Закаты и горы
Особе место в творчество Куинджи занимают закаты. Художника даже считают наиболее значительным после Айвазовского «солнцепоклонником».
Закаты живописца минорны и печальны, спокойны и созерцательны — «Закат» (1876–1890), «Закат в степи на берегу моря» (1898–1908, обе — Государственный Русский музей, Санкт-Петербург). Картины написаны густыми мазками. Необыкновенно красивые и естественные цветосочетания фиолетового, желтого и оранжевого соответствуют реальной природе солнечного освещения. Некоторые из них несут в себе метафору: медленное угасание природы — завершение естественного кругооборота жизни.
Минорное угасание света, растушеванные яркие краски, сочетание фиолетового, бордового и сиреневого — все это свойственно также горным этюдам художника. Так, в картине-элегии «Вечер» (1888) холодный фиолетовый оставляет впечатление ностальгии по угасающей жизни природы. Этюд «Сумерки» (1890–1895, Государственный Русский музей, Санкт-Петербург) наполнен тревожными предчувствиями, ощущение беспокойства возникает от сочетания оранжевого и фиолетового в сумеречных полутонах земли и неба. В основе композиции лежит личное переживание художника, имеющее всеобщее значение, созвучное эпохе — настроение разочарованности, сознание тщетности человеческого бытия. Мотив дороги, широко распространенный в русской поэзии и живописи, интерпретирован мастером, согласно общественным настроениям.
Закаты Куинджи являются вполне самостоятельными произведениями. Благодаря чувствительному зрению, мастеру удалось передать трудные для изображения скоротечные состояния и явления природы. В цикле закатов основной является картина «Красный закат» (1905–1908, Музей Метрополитен, Нью-Йорк). Куинджи — солнцепоклонник передает трепетное полыхание красок расплавленного солнца, залившего мир насыщенным цветом. Художник словно наблюдает, как огромное дневное светило подчиняется законам ночи и смиряется перед его силами, готовясь медленно спрятаться за линией горизонта.
В творческом наследии Куинджи много работ, посвященных теме гор: «Эльбрус. Лунная ночь» (18901895, Государственная Третьяковская галерея, Москва), «Снежные вершины гор. Кавказ», «Снежная вершина. Кавказ» (обе — 1890–1895, Государственный Русский музей, Санкт-Петербург), «Эльбрус днем», «Вершина Эльбруса, освещенная солнцем», «Эльбрус вечером» (все — 1898–1908, Государственный Русский музей, Санкт-Петербург) и многие другие.
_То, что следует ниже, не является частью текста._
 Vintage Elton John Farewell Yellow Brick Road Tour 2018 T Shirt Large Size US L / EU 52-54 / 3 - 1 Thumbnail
Восприимчивость художника к цветовым нюансам так совершенна, его зрительная память так безукоризненна, что эскизы порой трудно отличить от этюдов. В некоторых из полотен удивительно тонко запечатлена воздушная среда, размывающая очертания горных склонов. В других освещенные снежные вершины светятся фосфоресцирующими красками.
Философские мотивы
Русская философия 1870–1880 охватила разные стороны человеческого творчества — науку, искусство, литературу. Остаться не вовлеченным в этот поток сознания было невозможно, как и не разделить идеи своего времени. Нет сомнения, что повышенное внимание Куинджи к вопросам мироздания, его размышления о месте в нем человека — это своего рода реакция искусства на мировоззренческую проблематику. Космология тесно соприкасалась с религией. Пытаясь проникнуть в тайны мироздания, художник словно робеет перед открывающимися безднами. В картине «Христос в Гефсиманском саду» (1901, Алупкинский дворец-музей) перед нами завершение формирования философского пейзажа Куинджи. Разгадать смысл его произведений очень сложно, ибо художник не оставляет намеков и подсказок на тайное содержание своих полотен. В картине нет драматизма. Перед нами Христос в белых одеяниях, горящих фосфоресцирующим светом. На фоне темных деревьев Его фигура выглядит очень контрастно и создает удивительное впечатление. Таких декоративных эффектов в русском искусстве начала XX века никто не достигал.
«Ночное» (1905–1908, Государственный Русский музей, Санкт-Петербург) — одно из последних произведений Куинджи — заставляет вспомнить лучшие картины художника времени расцвета его таланта. В нем также чувствуется поэтическое отношение к природе, стремление воспеть ее величавую и торжественную красоту. В работе воплотились воспоминания детства и пристрастия к созерцанию неба. Элегичность, лирическая грусть заставляют минорно звучать бледные краски горизонта, томительно светиться гладь реки.